Pharmacist's Mate Second Class Lee Soucy, crewman aboard the USS Utah
I had just had breakfast and was looking out a porthole in sick bay when someone said, "What...are all those planes doing up there on a Sunday?" Someone else said, "It must be those crazy Marines. They'd be the only ones out maneuvering on a Sunday." When I looked up in the sky I saw five or six planes starting their descent. Then when the first bombs dropped on the hangers at Ford Island, I thought, "Those guys are missing us by a mile." Inasmuch as practice bombing was a daily occurrence to us, it was not too unusual for planes to drop bombs, but the time and place were quite out of line. We could not imagine bombing practice in port. It occurred to me and to most of the others that someone had really goofed this time and put live bombs on those planes by mistake. In any event, even after I saw a huge fireball and cloud of black smoke rise from the hangers on Ford Island and heard explosions, it did not occur to me that these were enemy planes. It was too incredible! Simply beyond imagination!

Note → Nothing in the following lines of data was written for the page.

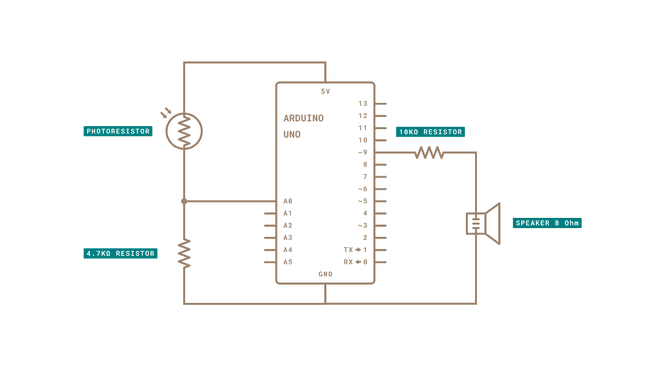 schematic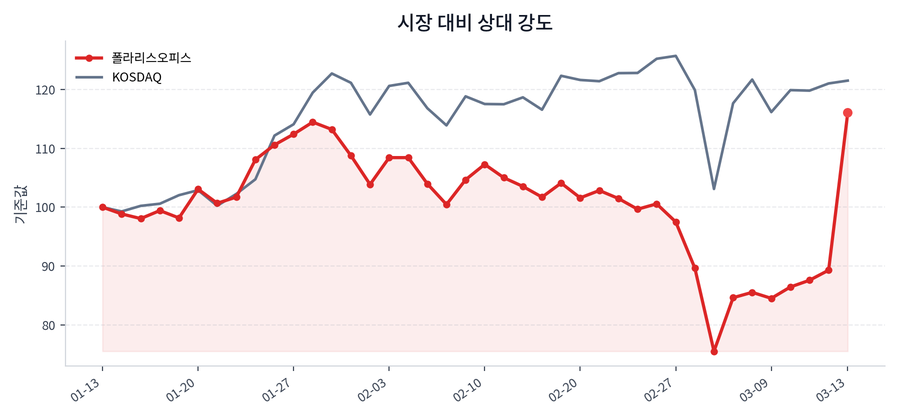 시장 대비 상대 강도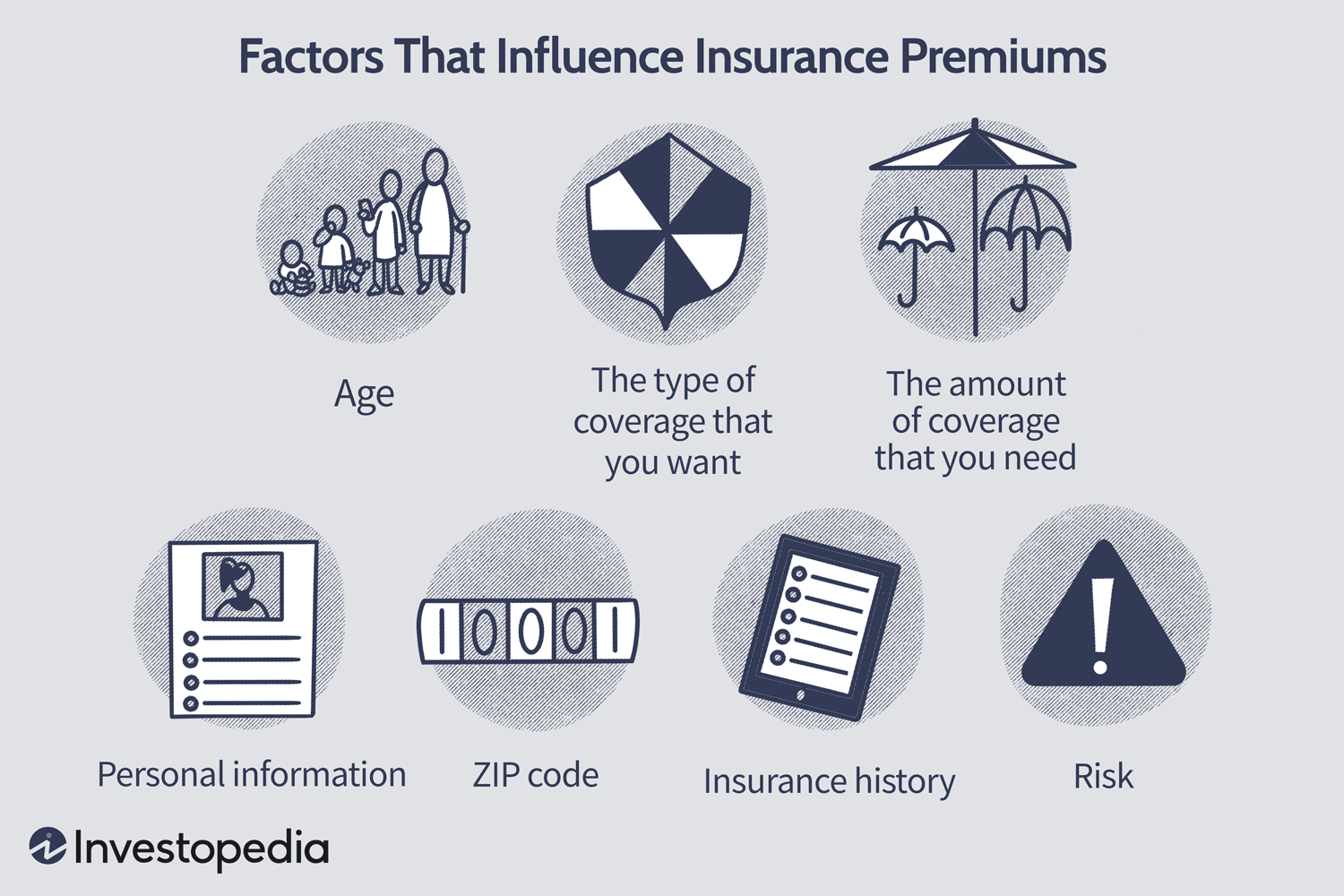 Factors That Influence Insurance Premiums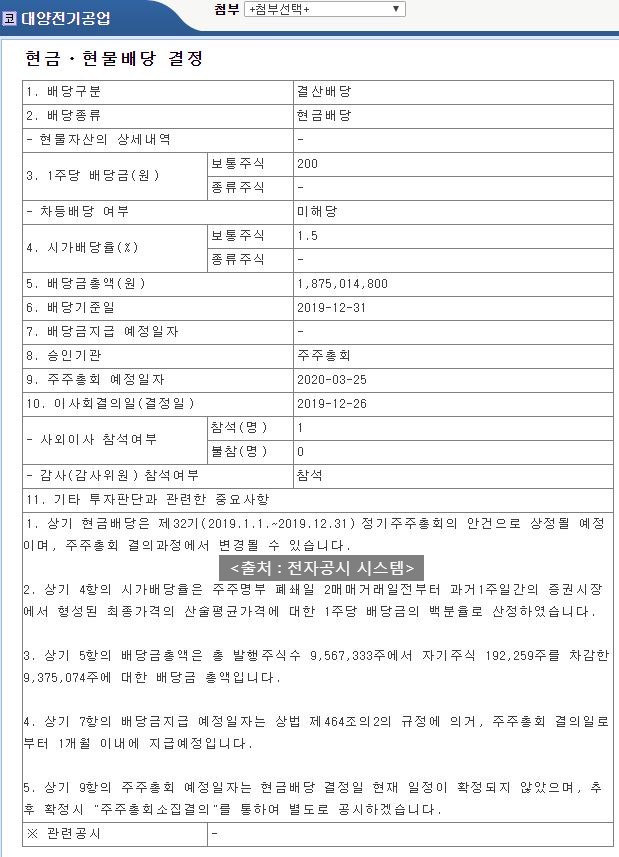  대양전기공업 배당공시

(Quotation from Department of the Navy: Naval Historical Center)
Itabashi K-oshu, Student at Japan's Naval Academy
I was in the second year of middle school that day, Pearl Harbor Day. "Well, we really did it!" I thought. The sound of the announcement on the radio still reverberates in my ears. "News special, News special," high-pitched and rapid. "Beginning this morning before dawn, war has been joined with the Americans and British." I felt as if my blood boiled and my flesh quivered. The whole nation bubbled over, excited and inspired. "We really did it! Incredible! Wonderful!" That's the way it felt then.
(Excerpt from Haruko Taya Cook and Theodore F. Cook, Japan at War: An Oral History, p.77-78.)
Retired Lt. Colonel, George E. Passey
"For my roommate and I, this was an ordinary Sunday. This was to be examination week and we were going to spend most of the day doing some review for our final exams. We did not buy a newspaper and depended on the radio for most of our news. Sometime late in the day we turned on the radio and expected to hear more on what the Japanese ambassador was doing in Washington. By then the attack had occurred and the news had accounts of the bombing. Pearl Harbor was a remote place and we knew little of the armed services. ... The realization that the US had been attacked was really not in our expectations, and we realized that our four years of planning [in college] was going down the drain. We began to consider our options, which we felt would put us into the armed services and we looked in the phone directory for the location of the various recruiting services and began to fit visits to them into our exam schedule. We had trouble grasping the enormity of the attack and the loss of ships and lives that were described....Although we tried to think rationally we had a sense of panic in dealing with the unknown and the unexpected."